Plaintiff and non-party Online Sheet Music, Inc. ("OSMI") entered into a license and distribution agreement which granted OSMI a non-exclusive right to use Plaintiff's sheet music, including five specific works ("Licensing Agreement"). See Complaint (ECF No. 1) at ¶¶ 19-20. Defendant acquired these licenses from OSMI. See Memorandum of Law in Support of Defendant's Motion to Set Aside Clerk's Default ("Def. Memo.") (ECF No. 26) at 3. On May 4, 2018, Plaintiff informed OSMI that it had not received royalty payments required under the Licensing Agreement since July 1, 2016. Id. at ¶30. In response, Plaintiff received a check from Defendant for $202.18 but did not receive an accounting for the royalties or payment, which was required under the Licensing Agreement. Id. at ¶¶32-33. On May 14, 2018, Plaintiff wrote to OSMI to provide it an opportunity to cure before Plaintiff terminated the Licensing Agreement. Id. at ¶35. Neither OSMI nor Defendant remedied the alleged violations. Id. at ¶36. Finally, on July 9, 2018, Plaintiff notified OSMI and Defendant that, because the alleged violations were not cured, the Licensing Agreement was terminated as of May 19, 2018. Id. at ¶38. Plaintiff alleges that Defendant continues to distribute, reproduce, and publicly display the work without consent or authorization. Id. at ¶¶ 40-55. Accordingly, Plaintiff brings four causes of action: (1) Copyright Infringement pursuant to 17 U.S.C. §§106, 504, and 505; (2) Breach of the Licensing Agreement; (3) Injunction and Seizure pursuant to 17 U.S.C. §502, et seq.; and (4) an Accounting.

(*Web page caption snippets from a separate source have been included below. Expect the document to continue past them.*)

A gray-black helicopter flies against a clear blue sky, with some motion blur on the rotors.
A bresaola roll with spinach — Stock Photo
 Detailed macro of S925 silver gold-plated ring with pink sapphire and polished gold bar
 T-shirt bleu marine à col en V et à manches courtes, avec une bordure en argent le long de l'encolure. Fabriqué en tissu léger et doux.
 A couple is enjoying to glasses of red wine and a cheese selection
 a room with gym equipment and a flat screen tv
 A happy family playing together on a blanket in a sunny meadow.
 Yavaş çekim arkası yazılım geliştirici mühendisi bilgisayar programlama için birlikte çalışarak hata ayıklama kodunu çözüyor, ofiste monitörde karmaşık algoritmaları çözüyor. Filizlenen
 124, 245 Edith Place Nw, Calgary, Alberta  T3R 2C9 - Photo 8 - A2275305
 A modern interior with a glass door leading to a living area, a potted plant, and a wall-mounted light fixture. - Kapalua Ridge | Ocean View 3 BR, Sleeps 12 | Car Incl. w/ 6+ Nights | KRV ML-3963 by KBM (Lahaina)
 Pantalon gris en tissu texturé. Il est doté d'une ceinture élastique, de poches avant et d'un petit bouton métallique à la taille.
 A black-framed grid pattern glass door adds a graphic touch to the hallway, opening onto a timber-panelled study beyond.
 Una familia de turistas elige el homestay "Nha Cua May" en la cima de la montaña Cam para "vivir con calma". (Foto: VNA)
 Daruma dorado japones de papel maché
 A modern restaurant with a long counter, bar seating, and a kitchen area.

Plaintiff filed its complaint on May 31, 2019. ECF No. 1. Defendant failed to respond or otherwise move with respect to the Complaint. On August 28, the Clerk of the Court issued a Certificate of Default against Defendant. ECF No. 12. On September 12, this Court ordered Defendant to show cause as to why the Court should not issue a judgment of default against Defendant pursuant to Federal Rule of Civil Procedure 55. ECF No. 18. The Order to Show Cause required Defendant to respond on or before October 1 and the Parties were required to appear for a Conference on November 5. On November 4, Defense counsel filed a letter motion to adjourn the Conference indicating that "[o]ur firm was first contacted and retained earlier this afternoon." ECF No. 21. The Court granted this request. Defendant then filed a motion to set aside the Clerk's Certificate of Default. ECF No. 25-28. Plaintiff opposes. ECF No. 32-33. Defendant replied to Plaintiff's opposition. ECF No. 34-36. Defendant's motion is now fully briefed.
DISCUSSION
"The court may set aside an entry of default for good cause . . . ." FED. R. CIV. P. 55(c). To determine whether "good cause" exists, "a district court must consider three factors: (1) whether the default was willful; (2) whether setting the default aside would prejudice the adversary; and (3) whether a meritorious defense is presented." Swarna v. Al-Awadi, 622 F.3d 123, 142 (2d Cir. 2010). "It is well established that default judgments are disfavored. A clear preference exists for cases to be adjudicated on the merits." Pecarsky v. Galaxiworld.com Ltd., 249 F.3d 167, 174 (2d Cir. 2001). "Because there is a preference for resolving disputes on the merits, doubts should be resolved in favor of the defaulting party." Powerserve Int'l, Inc. v. Lavi, 239 F.3d 508, 514 (2d Cir. 2001) (quotation marks omitted). Indeed, "[m]otions to set aside default judgments should be granted liberally." Crawford v. Nails on 7th By Jenny Inc., 18-CV-9849, 2020 WL 564059, at *2 (S.D.N.Y. Feb. 5, 2020).
I. Willfulness
Defendant's conduct was not willful. The inquiry into willfulness is subjective and serves to "distinguish [] those defaults that, though due to neglect, are excusable, from those that are not." Am. All. Ins. Co., Ltd. v. Eagle Ins. Co., 92 F.3d 57, 61 (2d Cir. 1996). Defendant claims that it was unaware that Plaintiff filed its Complaint because it was never personally served upon Defendant. Defendant then "subsequently learned that a Complaint had been filed but was unclear as to whether it was properly served." Def. Memo. at 5. Moreover, Defendant mistakenly believed that an Answer was not required because its CEO was trying to resolve the dispute with Plaintiff. Id. at 6. For these reasons, Defendant "did not realize that an Answer to the Complaint was past due." Id. at 5. Plaintiff contests this characterization and alleges that at the time the Complaint was served, Defendant was represented by counsel who acknowledged that Defendant was in default of its obligations. See Plaintiff's Memorandum of Law in Opposition to Defendant's Motion ("Pl. Opp.") (ECF No. 33) at 1. Indeed, Plaintiff asserts that "the decision by [Defendant] to not participate in this litigation was a strategic choice made by a sophisticated corporate defendant to avoid the time and expense of litigation, in the hope that it could pressure the plaintiff to agree to its settlement terms." Id. at 2.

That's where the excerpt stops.